The aviation industry’s commitment to reducing the impact of aircraft noise took another step forward at Heathrow earlier, with the arrival of British Airways’ first Boeing 787 Dreamliner.
The aircraft boasts a noise footprint 60 per cent quieter than similarly sized aircraft and will be the fourth B787 to operate out of Heathrow.
New, quieter aircraft such as the B787 have contributed towards ensuring that fewer people are affected by noise from Heathrow today than at any time since the 1970s, even though the number of flights has almost doubled.
Heathrow continues to encourage the introduction of new, quieter aircraft by charging them lower landing fees and developing infrastructure such as stands and taxiways to accommodate larger aircraft like A380s.

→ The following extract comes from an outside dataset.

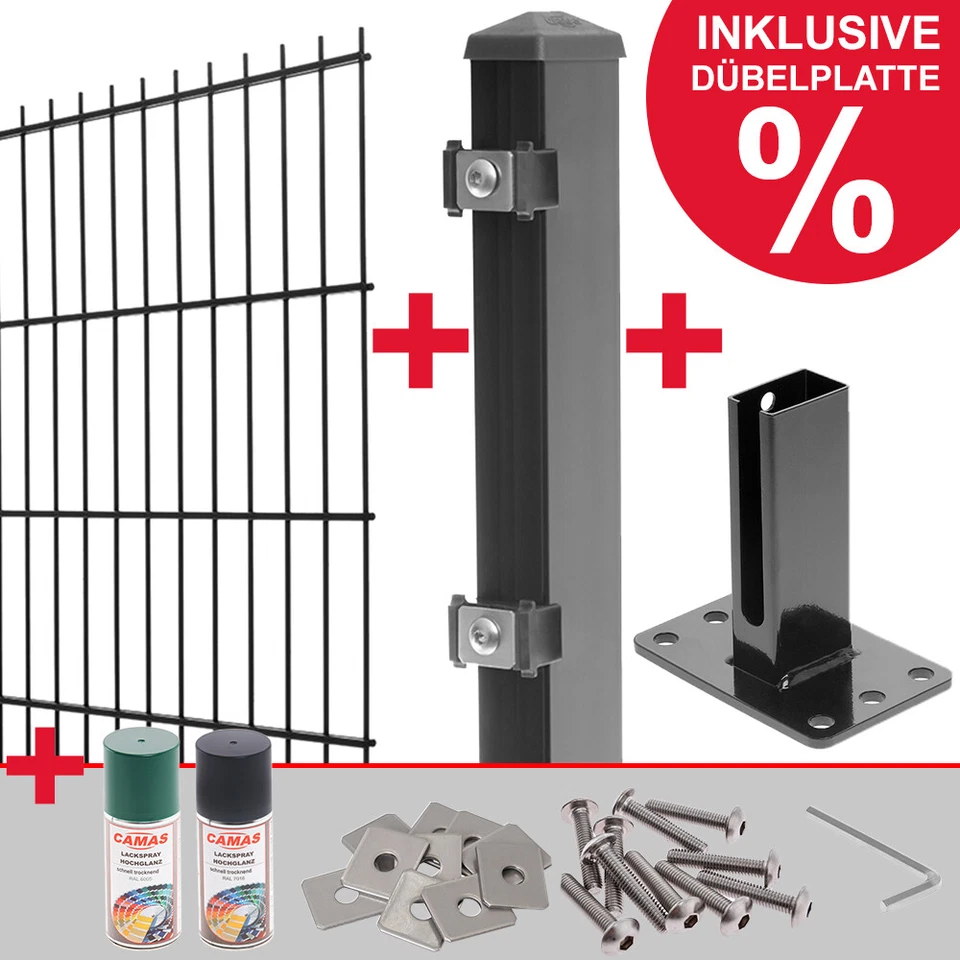 Doppelstabmattenzaun + Dübelplatte Doppel Stab Matten Zaun Gartenzaun Gitterzaun - Bild 1 von 1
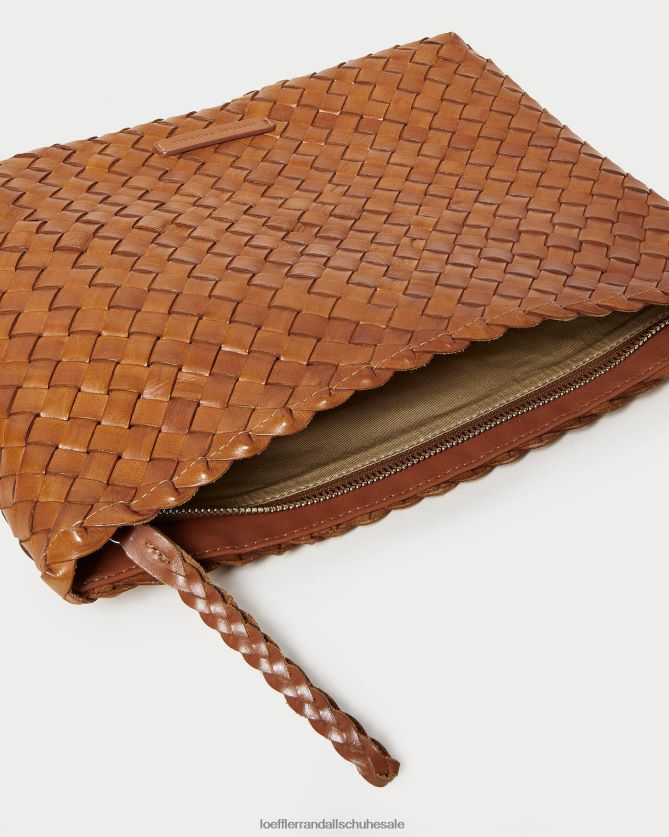 Frauen Loeffler Randall Flache, gewebte Marissa-Clutch Holz Taschen 846824353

The airport already hosts twelve A380s – which produce half the noise of their nearest rival when taking off – and expects to have approximately thirty A380s and approximately sixty B787s by 2020.

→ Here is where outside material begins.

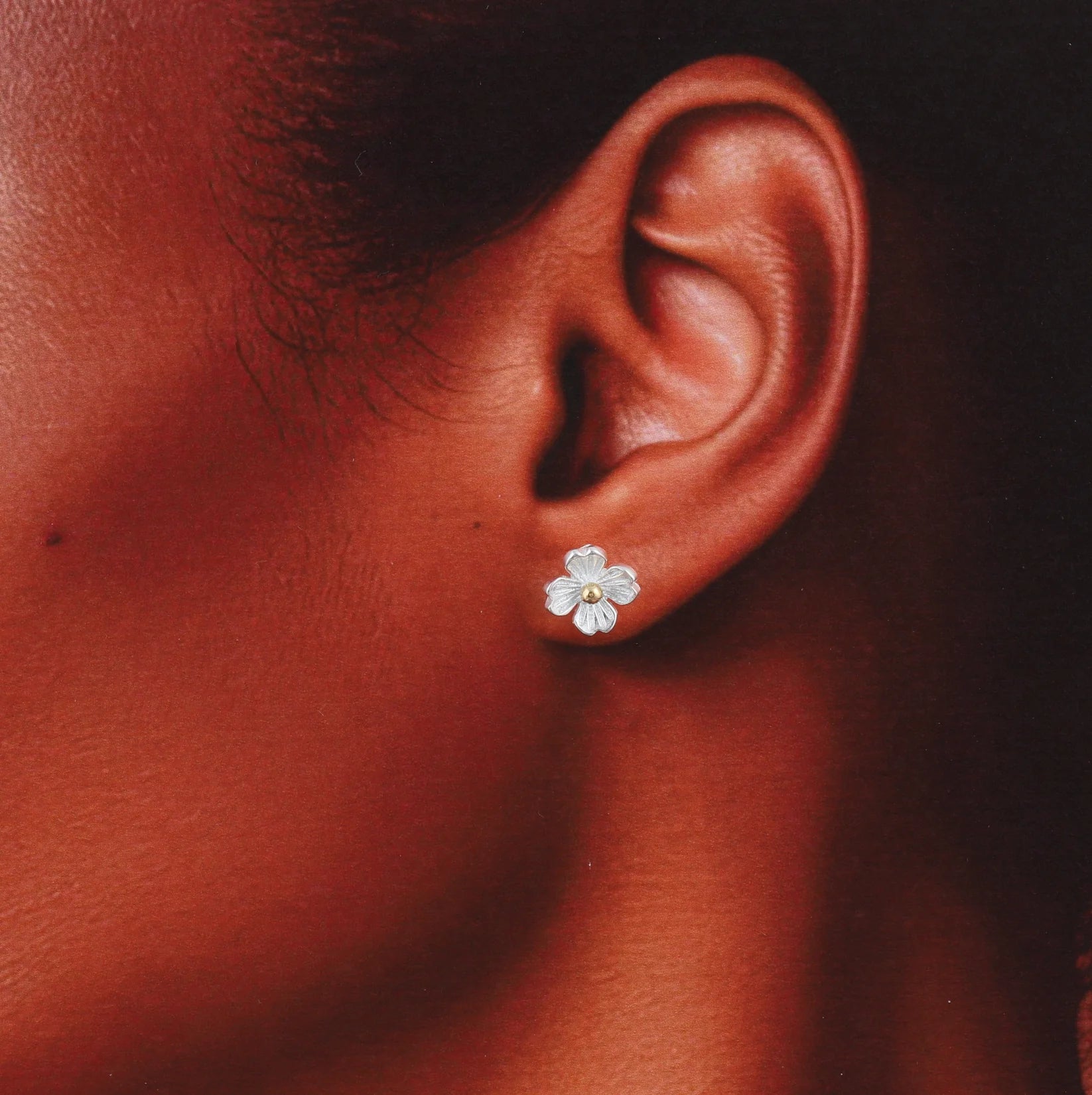 Attic - Four Petal Blossom Flower Earrings - Silver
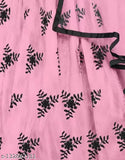 Embroidered semi-stitched art silk lehenga with free size, net unstitched blouse and dupatta, India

Strict noise limits at the airport also mean that airlines generally use their quietest aircraft around 15 per cent more on Heathrow routes.
Matt Gorman, Heathrow sustainability director, explained: ‘We are delighted to welcome British Airways’ first Boeing 787 to Heathrow.
“Heathrow is at the forefront of international efforts to reduce the impact of aircraft noise and this new generation of quieter aircraft will make a significant contribution to achieving this.”
Heathrow recently published ‘A quieter Heathrow’, a report setting out Heathrow’s commitments to reducing aircraft noise while safeguarding the UK’s connectivity.
The report sets out the core areas of focus for tackling aircraft noise: quieter planes, quieter operating procedures, noise mitigation and land-use planning, operating restrictions and working with local communities.
The report also sets out a range of new commitments on noise which include publicly ranking airlines on ‘noise performance’, trialling new departure routes with NATS and proposing a significant increase in fines for airlines that break noise limits.